I could blog for months out of “Rowan’s Rule.” I’m struck in particular by Oliver O’Donovan’s keen eye for sizing up his former colleague’s strengths and weaknesses. O’Donovan, a Christian ethicist who taught with Williams at Oxford, has observed that he views theology and leadership as a sort of graduate seminar, with never-ending banter, but no point at which someone comes to a steady conclusion. Williams’ theology holds that Jesus interrupts our easy consensuses -- this is handy against fundamentalisms of all kinds (like Jack Spong’s and Pullman’s), but less helpful in situations of, say, church discipline. All the same, to have a spectacular theologian as head of a church is somewhat novel today. One would think those liberals and conservatives in the Anglican Communion who are frustrated with Williams for not disciplining their opponents might have read his “Truce of God” or his “Resurrection.” They would realize that the Archbishop sees the risen Christ as one who meets us in the enemy with whom we cannot leave fellowship. For him to kick the bad guys out of the church would, unfortunately, be to kick out Jesus himself.
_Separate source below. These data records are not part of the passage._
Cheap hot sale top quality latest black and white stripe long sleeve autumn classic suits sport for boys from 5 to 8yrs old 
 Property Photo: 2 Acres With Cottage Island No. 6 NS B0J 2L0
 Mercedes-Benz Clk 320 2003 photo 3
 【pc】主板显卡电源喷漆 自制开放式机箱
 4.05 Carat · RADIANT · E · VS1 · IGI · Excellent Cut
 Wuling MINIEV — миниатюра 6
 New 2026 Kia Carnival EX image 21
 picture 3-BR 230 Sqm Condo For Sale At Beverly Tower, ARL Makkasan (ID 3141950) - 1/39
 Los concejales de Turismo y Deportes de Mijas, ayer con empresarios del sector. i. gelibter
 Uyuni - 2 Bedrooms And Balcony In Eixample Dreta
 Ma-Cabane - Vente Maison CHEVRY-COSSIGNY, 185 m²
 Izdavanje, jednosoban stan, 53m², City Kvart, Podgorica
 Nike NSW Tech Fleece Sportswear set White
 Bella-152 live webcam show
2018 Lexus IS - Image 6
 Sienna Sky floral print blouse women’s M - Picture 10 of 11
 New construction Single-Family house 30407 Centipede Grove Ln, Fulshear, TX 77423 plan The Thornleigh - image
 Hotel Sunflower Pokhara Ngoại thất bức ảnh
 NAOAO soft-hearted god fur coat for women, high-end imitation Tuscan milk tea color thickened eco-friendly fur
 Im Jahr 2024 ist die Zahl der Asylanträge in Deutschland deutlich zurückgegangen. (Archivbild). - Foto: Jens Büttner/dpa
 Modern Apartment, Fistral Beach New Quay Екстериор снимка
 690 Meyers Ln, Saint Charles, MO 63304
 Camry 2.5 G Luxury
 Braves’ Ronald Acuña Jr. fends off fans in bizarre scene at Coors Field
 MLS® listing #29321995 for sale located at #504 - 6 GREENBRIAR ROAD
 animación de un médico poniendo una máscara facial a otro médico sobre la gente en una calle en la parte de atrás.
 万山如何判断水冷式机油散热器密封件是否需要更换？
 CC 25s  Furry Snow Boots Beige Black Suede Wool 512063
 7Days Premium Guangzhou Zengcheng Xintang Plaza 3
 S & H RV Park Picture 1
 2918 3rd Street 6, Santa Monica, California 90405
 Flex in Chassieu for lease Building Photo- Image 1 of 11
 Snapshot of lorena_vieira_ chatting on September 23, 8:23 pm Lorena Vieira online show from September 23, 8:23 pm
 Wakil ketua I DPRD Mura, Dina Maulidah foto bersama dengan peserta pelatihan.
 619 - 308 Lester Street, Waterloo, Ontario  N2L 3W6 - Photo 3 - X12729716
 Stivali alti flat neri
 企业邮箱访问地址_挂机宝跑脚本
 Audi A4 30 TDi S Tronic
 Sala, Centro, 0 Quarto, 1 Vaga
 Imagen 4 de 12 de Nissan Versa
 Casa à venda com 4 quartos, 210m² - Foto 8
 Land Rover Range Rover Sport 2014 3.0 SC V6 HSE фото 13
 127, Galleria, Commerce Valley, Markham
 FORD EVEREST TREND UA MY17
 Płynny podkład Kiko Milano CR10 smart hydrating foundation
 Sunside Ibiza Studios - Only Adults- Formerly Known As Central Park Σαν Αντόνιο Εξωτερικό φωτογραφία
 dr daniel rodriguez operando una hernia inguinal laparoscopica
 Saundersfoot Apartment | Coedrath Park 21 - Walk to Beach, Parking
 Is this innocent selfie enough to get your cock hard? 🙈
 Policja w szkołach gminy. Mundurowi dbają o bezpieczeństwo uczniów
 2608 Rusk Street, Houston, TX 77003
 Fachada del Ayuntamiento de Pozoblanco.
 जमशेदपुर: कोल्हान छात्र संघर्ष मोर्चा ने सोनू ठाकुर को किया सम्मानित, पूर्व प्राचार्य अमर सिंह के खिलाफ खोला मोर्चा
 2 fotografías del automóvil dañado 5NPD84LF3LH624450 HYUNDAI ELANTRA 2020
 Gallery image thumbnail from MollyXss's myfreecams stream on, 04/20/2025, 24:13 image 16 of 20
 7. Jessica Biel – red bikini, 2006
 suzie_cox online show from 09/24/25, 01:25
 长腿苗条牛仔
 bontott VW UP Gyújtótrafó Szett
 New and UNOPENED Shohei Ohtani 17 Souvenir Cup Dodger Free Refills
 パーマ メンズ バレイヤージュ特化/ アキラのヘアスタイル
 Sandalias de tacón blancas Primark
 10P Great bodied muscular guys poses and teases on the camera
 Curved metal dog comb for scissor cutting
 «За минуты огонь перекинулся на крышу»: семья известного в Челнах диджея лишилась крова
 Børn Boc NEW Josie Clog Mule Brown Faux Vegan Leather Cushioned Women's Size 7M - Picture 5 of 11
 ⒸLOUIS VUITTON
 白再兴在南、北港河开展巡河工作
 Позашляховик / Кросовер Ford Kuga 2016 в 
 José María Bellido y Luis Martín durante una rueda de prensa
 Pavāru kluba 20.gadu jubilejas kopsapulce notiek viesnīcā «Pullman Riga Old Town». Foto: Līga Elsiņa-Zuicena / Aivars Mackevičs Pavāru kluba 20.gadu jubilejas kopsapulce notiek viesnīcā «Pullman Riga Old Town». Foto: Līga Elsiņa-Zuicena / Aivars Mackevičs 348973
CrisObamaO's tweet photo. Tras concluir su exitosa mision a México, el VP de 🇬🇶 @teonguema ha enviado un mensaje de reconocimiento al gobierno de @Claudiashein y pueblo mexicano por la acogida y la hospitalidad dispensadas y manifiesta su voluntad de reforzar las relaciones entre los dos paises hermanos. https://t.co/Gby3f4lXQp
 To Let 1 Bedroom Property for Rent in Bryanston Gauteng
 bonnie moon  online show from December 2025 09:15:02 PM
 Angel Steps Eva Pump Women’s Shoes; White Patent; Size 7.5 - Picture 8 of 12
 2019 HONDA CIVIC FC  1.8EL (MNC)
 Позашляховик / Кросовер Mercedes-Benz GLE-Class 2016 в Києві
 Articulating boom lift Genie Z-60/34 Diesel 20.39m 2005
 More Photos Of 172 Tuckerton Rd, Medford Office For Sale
For now, I’ll limit myself to one episode from Shortt: Willams’ actions as Archbishop of Wales on who should be ordained a priest.

He had a soft spot for would-be ordinands who were down on their luck, Shortt writes: “He took gospel precepts on forgiveness of sins very seriously indeed.” This resulted in people being put forth for ordination who were not entirely suitable. This can turn out brilliantly -- as Shortt notes, Jesus himself was a radical practitioner of forgiveness of sins, given his way of attracting miscreants. In Williams’ case, Shortt calls it “holy naivete.” Williams and others have termed it a sort of “reckless generosity.” Whatever it was, it resulted in mistakes that harmed others. As Archbishop of Wales, he bore with one priest who later ran up debt, drank, and hurt his parish. He almost ordained another who’d been run off from several other churches and managed to escape his past. Williams has a defense in each individual case, but collectively it appears his arms were open a bit too wide. This is a good posture for those holding the door open for the kingdom via the church. But not for ordination. As one commentator says, “Ordination is not a right.” And sprinkling it around too “non-carefully” can harm those parishes on which such borderline priests are foisted.

I’m inclined to say this tendency toward leniency is merely a venial sin from a church leader. We’re at our worst when we’re drumming people out, even of leadership. Perhaps most of our greatest weaknesses are merely the obverse of our greatest strengths. And it gives me hope that the leader of one of the world’s great churches is a good and holy and brilliant man with a penchant for charity, even at the risk of excess.